Goal of the exercise
The answer must be an exact transcription of the lines below from the first through the one containing "Further reading: Mortimer", with the pictures left out; please add nothing else.

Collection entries
◇ ◇ ◇ ◇ ◇
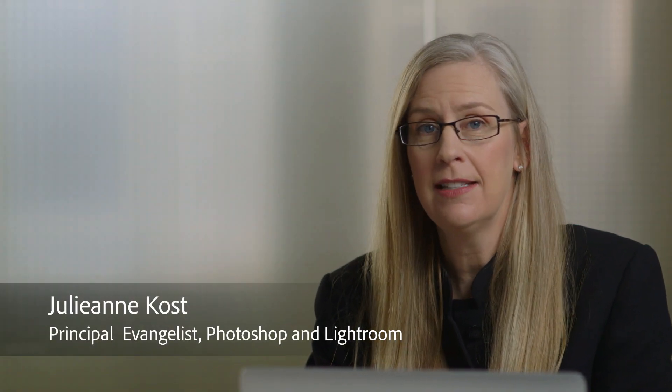Hi and welcome. My name is Julieanne Kost, and in the next few minutes we're going to take a look at how easy it is to create your own custom web galleries in Lightroom.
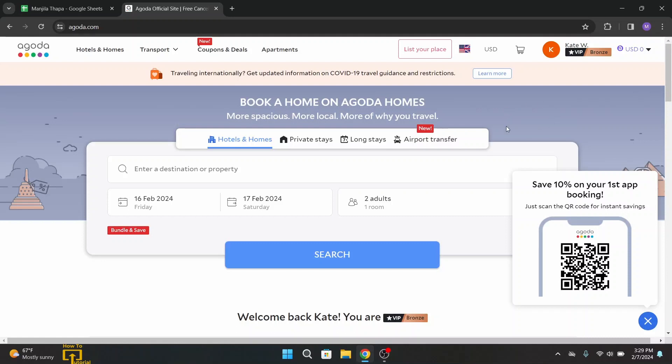Now if you like to book hotels or homes, simply enter the destination or property and enter the date as well. Once you do that, click on search and see the various offers, and select the hotels or homes that you find best according to the offer.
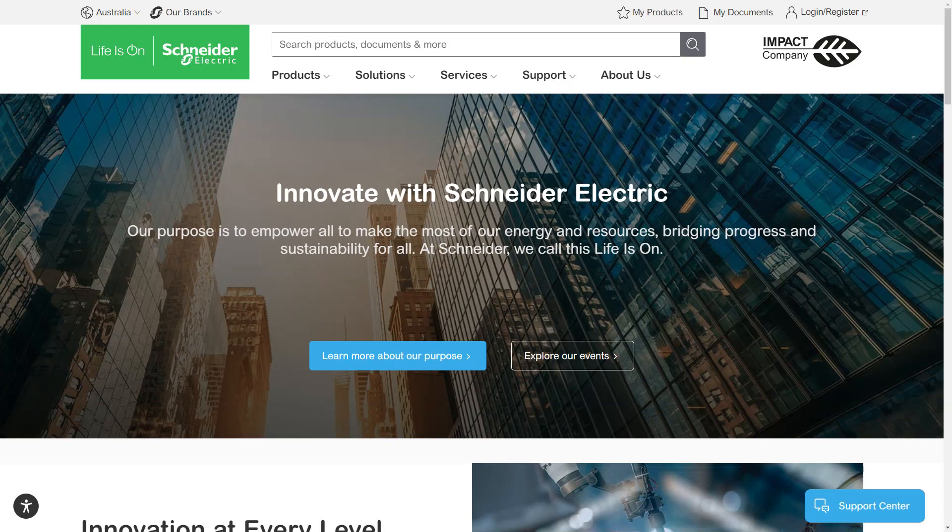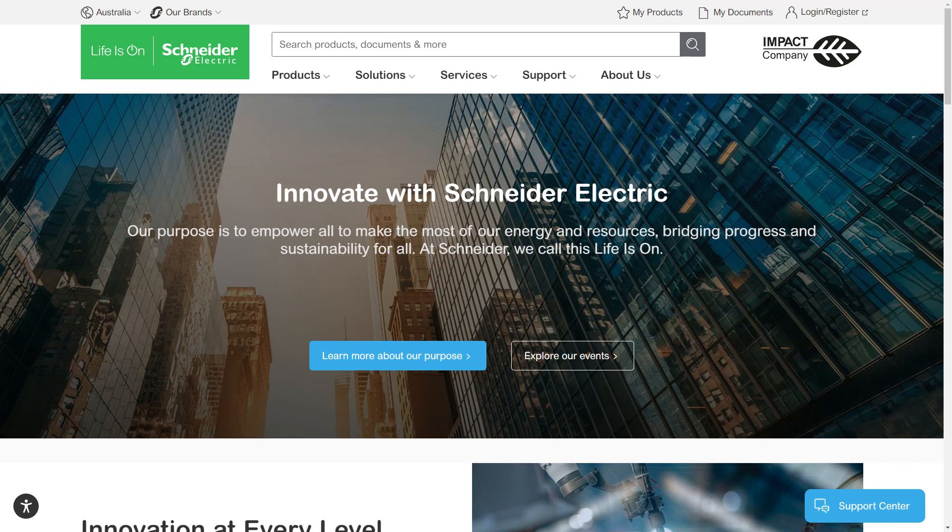The Schneider Electric website contains a vast amount of product selectors to help you choose the products and solutions that you require.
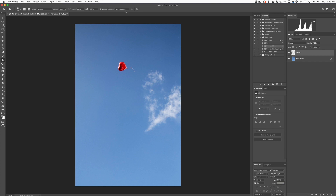If I wanted to make the balloon disappear and clone it out on a blank layer, I would just need to change this from 'current layer' to 'current and below' or 'all layers.' I typically do 'current and below,' and that way I can put this layer at the top and it would sample everything below, including all adjustments to color or anything like that.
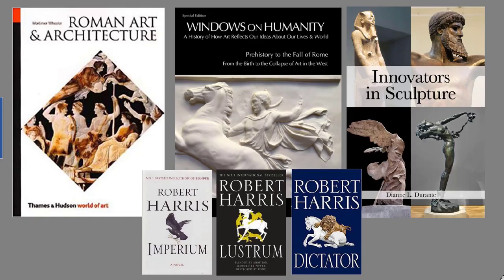Further reading: Mortimer Wheeler wrote a book on Roman art and architecture that's often used as a textbook in college courses. You could read the appropriate section in Sandra Shaw's Windows on Humanity. Innovators in Sculpture has a section on Roman narrative reliefs in Chapter 7. And for fun, Robert Harris wrote a trilogy on Cicero — Imperium, Lustrum, and Dictator — which gives a good sense of what was going on at the end of the Republic.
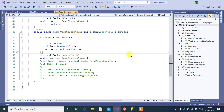In this video we will learn how to create an HTTP PATCH API to partially update the record in the database. In our previous video we implemented an HTTP PUT API to update the record. The difference between HTTP PUT and HTTP PATCH is that HTTP PUT is used to update all the properties of a single record, while HTTP PATCH is used to update any specific properties of a single record.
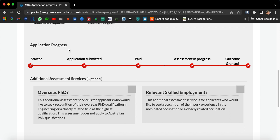This is the application progress timeline. You start your application, then submit it, and then you have to pay. The application fee is normally around $830 Australian dollars for a skill assessment. If you have done a CDR, it may be up to $950 Australian dollars. After payment, 'Assessment in Progress' will appear.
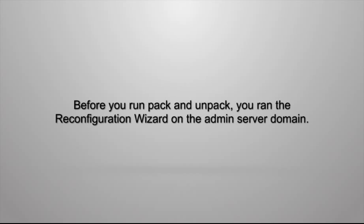In another demonstration, I showed how to run the WebLogic Server 12.1.3 reconfiguration wizard on a domain created with WebLogic Server version 10.3.6. Now that I have reconfigured the domain on the administration server machine, I need to copy that domain over to the remote managed server machines.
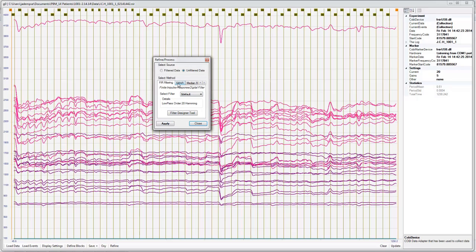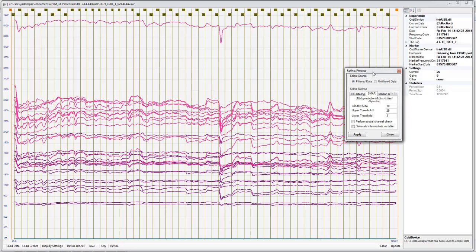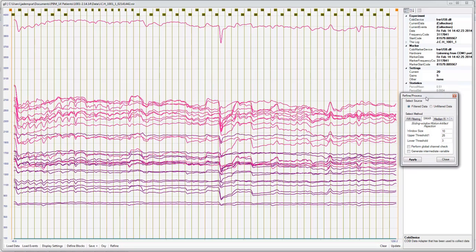Then we're going to use the SMAR function. The SMAR function is only available in the professional version, which we have for our laboratory. So if you're using the non-professional, you won't see this option. But we're going to SMAR clean based on filtered data. Leave all your defaults the same. It's going to reject any information that is moving so quickly that it believes it's not associated with brain activity, but from a movement artifact.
◇ ◇ ◇ ◇ ◇
Finished exercise
Hi and welcome. My name is Julieanne Kost, and in the next few minutes we're going to take a look at how easy it is to create your own custom web galleries in Lightroom.
Now if you like to book hotels or homes, simply enter the destination or property and enter the date as well. Once you do that, click on search and see the various offers, and select the hotels or homes that you find best according to the offer.
The Schneider Electric website contains a vast amount of product selectors to help you choose the products and solutions that you require.
If I wanted to make the balloon disappear and clone it out on a blank layer, I would just need to change this from 'current layer' to 'current and below' or 'all layers.' I typically do 'current and below,' and that way I can put this layer at the top and it would sample everything below, including all adjustments to color or anything like that.
Further reading: Mortimer Wheeler wrote a book on Roman art and architecture that's often used as a textbook in college courses. You could read the appropriate section in Sandra Shaw's Windows on Humanity. Innovators in Sculpture has a section on Roman narrative reliefs in Chapter 7. And for fun, Robert Harris wrote a trilogy on Cicero — Imperium, Lustrum, and Dictator — which gives a good sense of what was going on at the end of the Republic.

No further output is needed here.